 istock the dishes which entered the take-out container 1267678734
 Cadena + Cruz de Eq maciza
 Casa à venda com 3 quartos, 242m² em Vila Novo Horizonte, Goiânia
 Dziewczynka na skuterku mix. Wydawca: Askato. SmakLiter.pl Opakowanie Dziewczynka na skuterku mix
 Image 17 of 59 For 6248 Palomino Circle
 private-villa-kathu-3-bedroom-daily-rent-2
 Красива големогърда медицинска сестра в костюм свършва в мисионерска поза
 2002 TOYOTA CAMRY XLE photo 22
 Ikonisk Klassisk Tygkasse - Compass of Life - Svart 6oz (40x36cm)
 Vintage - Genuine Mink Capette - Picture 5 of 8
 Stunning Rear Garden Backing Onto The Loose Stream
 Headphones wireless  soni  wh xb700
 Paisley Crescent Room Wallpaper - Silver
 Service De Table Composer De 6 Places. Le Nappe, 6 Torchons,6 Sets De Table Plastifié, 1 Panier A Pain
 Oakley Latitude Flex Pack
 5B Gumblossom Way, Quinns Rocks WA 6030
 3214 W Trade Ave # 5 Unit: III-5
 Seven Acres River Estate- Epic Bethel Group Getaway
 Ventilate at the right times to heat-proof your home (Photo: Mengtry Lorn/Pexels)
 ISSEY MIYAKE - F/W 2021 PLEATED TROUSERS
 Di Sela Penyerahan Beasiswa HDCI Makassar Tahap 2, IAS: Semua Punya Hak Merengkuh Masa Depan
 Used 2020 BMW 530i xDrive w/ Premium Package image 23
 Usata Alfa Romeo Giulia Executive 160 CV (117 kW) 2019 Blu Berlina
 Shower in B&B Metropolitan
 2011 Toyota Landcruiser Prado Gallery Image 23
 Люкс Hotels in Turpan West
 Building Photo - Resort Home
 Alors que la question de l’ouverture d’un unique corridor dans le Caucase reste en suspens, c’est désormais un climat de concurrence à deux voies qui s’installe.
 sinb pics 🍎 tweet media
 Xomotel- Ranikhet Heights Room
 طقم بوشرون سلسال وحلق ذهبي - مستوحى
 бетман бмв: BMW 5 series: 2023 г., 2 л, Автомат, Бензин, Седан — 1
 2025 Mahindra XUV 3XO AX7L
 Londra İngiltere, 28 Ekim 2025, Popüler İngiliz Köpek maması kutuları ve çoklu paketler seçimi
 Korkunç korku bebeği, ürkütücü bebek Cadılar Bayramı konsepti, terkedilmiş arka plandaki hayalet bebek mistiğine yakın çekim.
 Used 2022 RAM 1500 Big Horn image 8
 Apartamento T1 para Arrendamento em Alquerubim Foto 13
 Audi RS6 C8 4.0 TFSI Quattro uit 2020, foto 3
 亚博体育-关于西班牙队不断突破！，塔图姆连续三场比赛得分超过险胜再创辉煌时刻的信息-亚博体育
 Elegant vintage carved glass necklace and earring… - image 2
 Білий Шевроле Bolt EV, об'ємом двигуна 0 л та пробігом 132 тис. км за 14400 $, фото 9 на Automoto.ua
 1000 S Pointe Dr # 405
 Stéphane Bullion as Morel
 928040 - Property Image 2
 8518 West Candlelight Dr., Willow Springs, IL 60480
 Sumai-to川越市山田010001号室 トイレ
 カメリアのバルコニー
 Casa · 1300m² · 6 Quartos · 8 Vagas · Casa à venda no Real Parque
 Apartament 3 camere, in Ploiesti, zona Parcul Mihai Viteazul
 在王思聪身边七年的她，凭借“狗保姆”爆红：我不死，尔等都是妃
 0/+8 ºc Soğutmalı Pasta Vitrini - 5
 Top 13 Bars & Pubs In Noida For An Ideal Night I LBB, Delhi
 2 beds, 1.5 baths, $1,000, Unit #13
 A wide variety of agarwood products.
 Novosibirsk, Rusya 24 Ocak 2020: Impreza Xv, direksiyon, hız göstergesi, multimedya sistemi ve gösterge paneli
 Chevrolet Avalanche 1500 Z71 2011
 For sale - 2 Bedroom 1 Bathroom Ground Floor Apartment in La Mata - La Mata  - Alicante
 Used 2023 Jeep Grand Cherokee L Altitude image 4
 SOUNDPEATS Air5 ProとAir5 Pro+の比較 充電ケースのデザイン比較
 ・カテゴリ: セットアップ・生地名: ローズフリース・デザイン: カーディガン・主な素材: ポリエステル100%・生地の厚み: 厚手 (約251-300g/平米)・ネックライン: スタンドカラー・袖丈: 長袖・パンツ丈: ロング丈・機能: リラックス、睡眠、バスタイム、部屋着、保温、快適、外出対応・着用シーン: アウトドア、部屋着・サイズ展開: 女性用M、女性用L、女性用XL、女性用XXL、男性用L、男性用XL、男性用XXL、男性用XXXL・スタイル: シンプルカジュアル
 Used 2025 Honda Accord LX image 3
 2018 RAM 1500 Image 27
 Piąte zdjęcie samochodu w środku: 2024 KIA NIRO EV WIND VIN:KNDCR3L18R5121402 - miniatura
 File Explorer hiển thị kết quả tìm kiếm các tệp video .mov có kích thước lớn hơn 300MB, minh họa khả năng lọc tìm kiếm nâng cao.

:::

▶ [Exercise directions]:
Would you state how many lines of the data above hold the string "Unit"? Reply with the number alone.

▶ [Final answer]:
2